The next big trend looks to be Biometric Payment Cards—including a fingerprint sensor on the card itself. ABI expects 2.5 million of these to be issued in 2021, but that leaves a long way to go if they’re to catch up with the 2.8 billion regular credit cards currently in circulation.

Real-time payments: what it is, why it’s changing

Real-Time Payments (RTPs) are having a massive impact on the payments space. Initiated and settled almost instantaneously, they allow consumers, merchants, and financial institutions to safely undertake transactions at the drop of a hat, and gather accurate data as they go. This gives businesses more information to satisfy their customers’ demands, as well as helping them manage their own finances more efficiently.

RTPs are growing more ubiquitous thanks to a variety of factors. Technological innovation, globalisation, regulatory pressures, emerging startups, and increased customer expectations are all pushing the trend. It’s a well established fact of finance that a payment’s value increases the quicker we get it. That gives near-instantaneous payments a lot of appeal.
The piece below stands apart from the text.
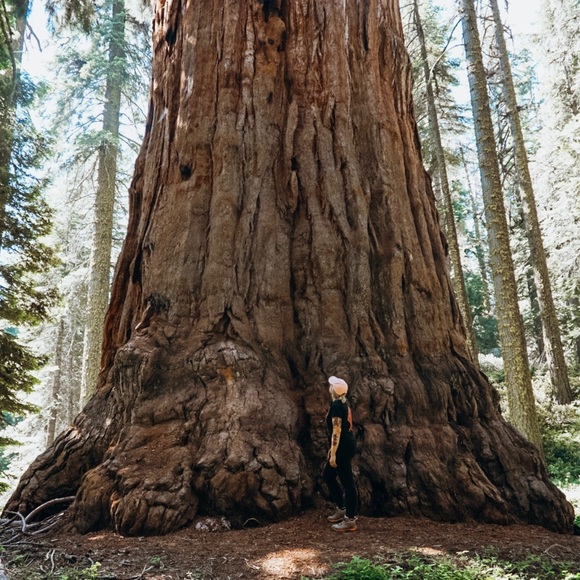 Profile Picture of April Brunk (@rosewaterpssy) on Poshmark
Better company cards for cost management

The global pandemic has shaken things up in all kinds of industries, but it’s unlikely to be the last world-changing event we’ll see this century. With upheavals such as these, both company and consumer behavior can change drastically. The better equipped businesses are to gather accurate data and adapt to new situations, the more resilient they’ll be, and improving the cards they issue is one way they can better track, manage, and report on company spend, providing greater security in difficult times. The future is in customisable cards that can control and monitor employee spending, helping them to do their jobs better and managing company-wide outgoings more effectively.

Beyond bank accounts

Having become financially independent adults in the wake of the global financial crisis, millennials don’t have the same attachment to traditional banks as the generations that came before them. Younger people are far more likely to sign up with the new wave of digital-first Neo Banks offering low (or no) fees, and simple, bureaucracy-free user experiences.

Since traditional banks haven’t offered attractive interest rates for some time, people are exploring more beneficial uses for their money than just putting it away in one place. These include alternative investment platforms and instant-transfer-enabled digital wallets like PayPal or Venmo. In addition to these, Nium makes it much easier for users to safely spread their money out so it’s serving them.
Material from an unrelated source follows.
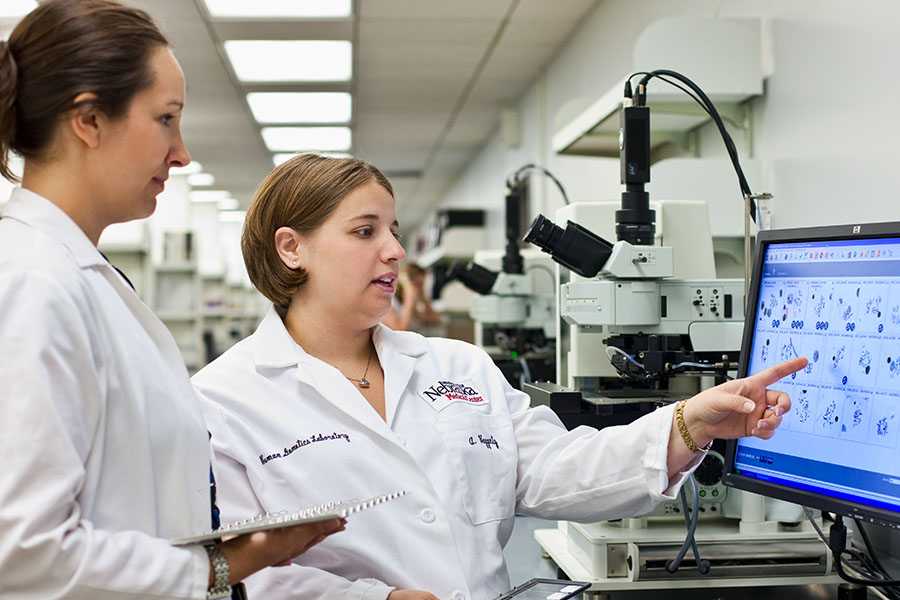 Two researchers looking at a computer screen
Embedded spending everywhere

Customers and businesses are more comfortable than ever before spreading their money across a variety of funding sources, and as a result businesses are waking up to the potential of embedding payments into their core customer experience. This gives companies more control over the end user experience, and cuts out the middle men that can introduce friction to transactions.

Starbucks already proved it works. Until Apple Pay took over in 2019, the Starbucks app was the leader in contactless mobile payments in the US. Nearly two thirds of customers used the app to pay at the register, more than half of them ordering ahead before they even entered the store.

Embedded payments work because they make the user experience easier, and the more friction you can remove from a transaction, the more likely you’ll be to get customers engaged. That’s why Nium is working to make integrating payments easier for any platform. It’s just common sense.

Frictionless cross-border payments

Cross-border payments have always been an obstacle to easy transactions. Technological inadequacies and regulation are common problems, but another key issues is transparency. Issuers like Visa and MasterCard have long had a monopoly on purchases in local currency and the subsequent conversion process, and they don’t always ensure that the process is as simple and frictionless as it could be.

While headway’s been made in Europe thanks to the European Commission’s review of the payments industry, and SWIFT is currently working on a new system to facilitate cross border payments, this still involved an unnecessary layer of obscurity. With the opportunities afforded by new technologies and more accommodating regulatory regimes there’s a growing appetite for more simplicity.  Nium offers fully transparent virtual accounts, as well as access to card networks for managing expenses, payments, loyalty rewards, and more, all of which help take the friction out of cross-border payments.